# Harvesting roaches.



## PhilinYuma (Mar 16, 2009)

Around last November, I bought a hundred plus lobster roaches, put them in a plastic sweater box, and have been trying hard not to deplete the colony of breeders by feeding them to the bigger mantids. Now the colony is in full swing, with proud mothers running around with huge egg sacs sticking out of their tails and babies gamboling in the substrate.

My question is, how do you separate the youngsters from the adults (a search didn't help)? I could get a sieve with a small enough grid to let only the babies through -- does anyone know what size that is? I don't think that the gardening people at Lowe's would help -- but how would you prevent them all from running helterskelter during the sieving process? I could scoop a few handfuls of substrate into a container with greased sides and sort them individually, but I'm hoping that someone can give me a simpler and faster method.

Help, please!


----------



## Katnapper (Mar 16, 2009)

Good question, Phil... I'm very interested in hearing "how to" tips on this subject as well!


----------



## dionae (Mar 16, 2009)

Hi Phil,

I have not used this method with roaches, but it seems to work well for crickets: You can get a large plastic plant pot (or whatever you have handy), drill lots of holes around the sides near the bottom. The holes should be slightly larger than the young nymphs, but will not let the adults out. Put this pot in a large sweater box to contain the young nymphs that crawls out of the pot. The roaches should sort themselves based on size. You can speed up this process by shining a spot light into the pot.
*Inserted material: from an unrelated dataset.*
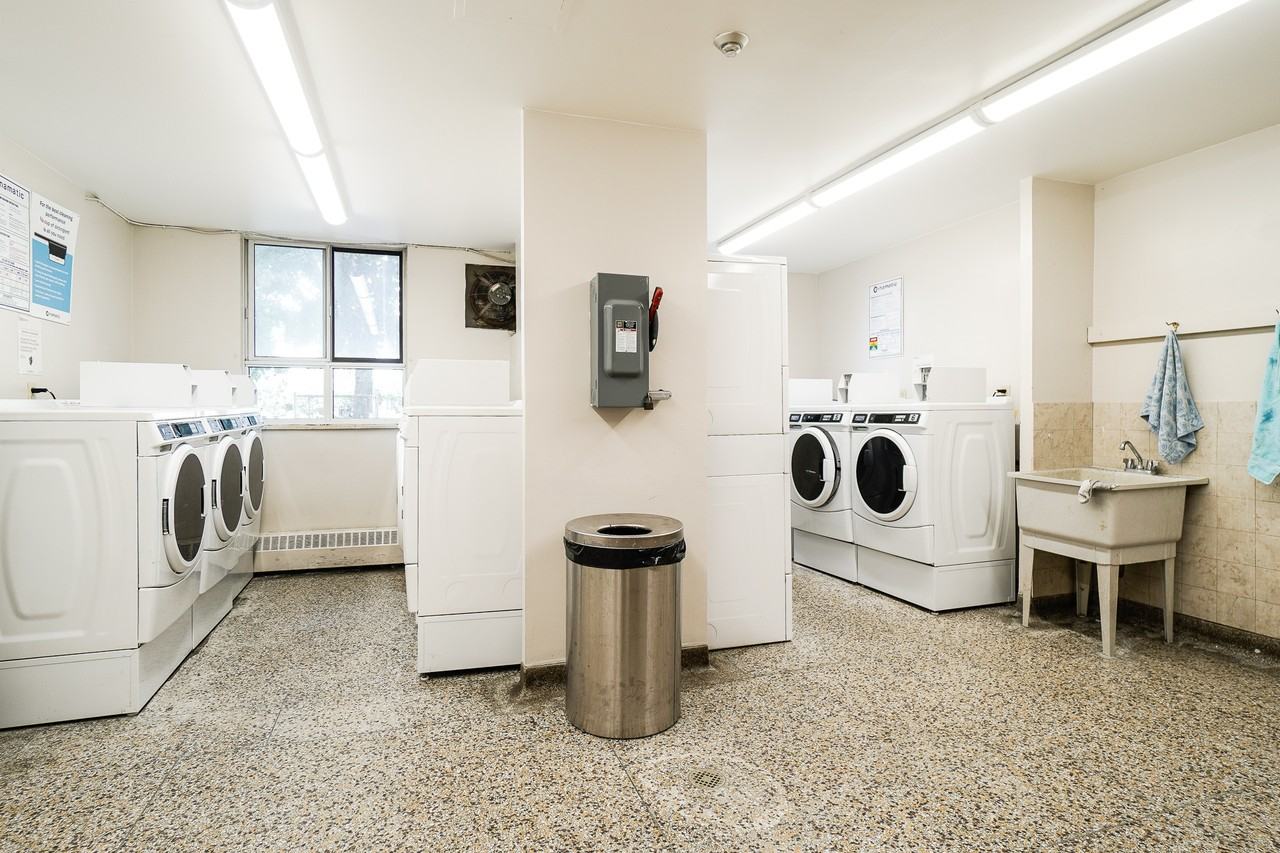 1625 Bloor Street - Photo 7 of 21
The smaller roaches will try to hide away from the light and crawl through the holes, leaving the bigger roaches behind.

I hope that helps,

Dionae


----------



## PhilinYuma (Mar 16, 2009)

dionae said:


> Hi Phil,I have not used this method with roaches, but it seems to work well for crickets: You can get a large plastic plant pot (or whatever you have handy), drill lots of holes around the sides near the bottom. The holes should be slightly larger than the young nymphs, but will not let the adults out. Put this pot in a large sweater box to contain the young nymphs that crawls out of the pot. The roaches should sort themselves based on size. You can speed up this process by shining a spot light into the pot. The smaller roaches will try to hide away from the light and crawl through the holes, leaving the bigger roaches behind.
> 
> I hope that helps,
> 
> Dionae


Great idea!

What you describe sounds like a modified berlese funnel that folks use to get tiny arthropods out of humus and leaf debris. I had thought about it, but didn't go the extra distance that you did in creating yours. The only modification that I shall need to make is to use a plastic pot with Vaseline around the top so that the roaches don't climb up the sides.

I'll let you all know how it works, and Rick, no panty hose or sweater sleeves on this one, honest!

Katt: Race ya!


----------



## Katnapper (Mar 16, 2009)

PhilinYuma said:


> Great idea!Katt: Race ya!


 :lol: Right on time for my shopping expedition to get enclosures for roaches that are coming! Since I'll be buying containers anyway, I might get a smaller one to fit inside the main one for each species, and modify it with the holes. Thanks for the challenge, Phil... I needed a kick in the pants to get on this project before my roaches arrive and have no homes ready and waiting for them!  

Thank you so very much for the idea, Dionae! Sounds like it will work rather well.


----------



## Zephyr (Mar 16, 2009)

You could select particularly fat females and put them in isolation until they give birth.

Or you could use a deep sifter (with the sides slicked up so the larger roaches can't just crawl out )with slits large enough for the nymphs. I bought mine at a dollar store.


----------



## PhilinYuma (Mar 16, 2009)

Zephyr said:


> You could select particularly fat females and put them in isolation until they give birth.Or you could use a deep sifter (with the sides slicked up so the larger roaches can't just crawl out )with slits large enough for the nymphs. I bought mine at a dollar store.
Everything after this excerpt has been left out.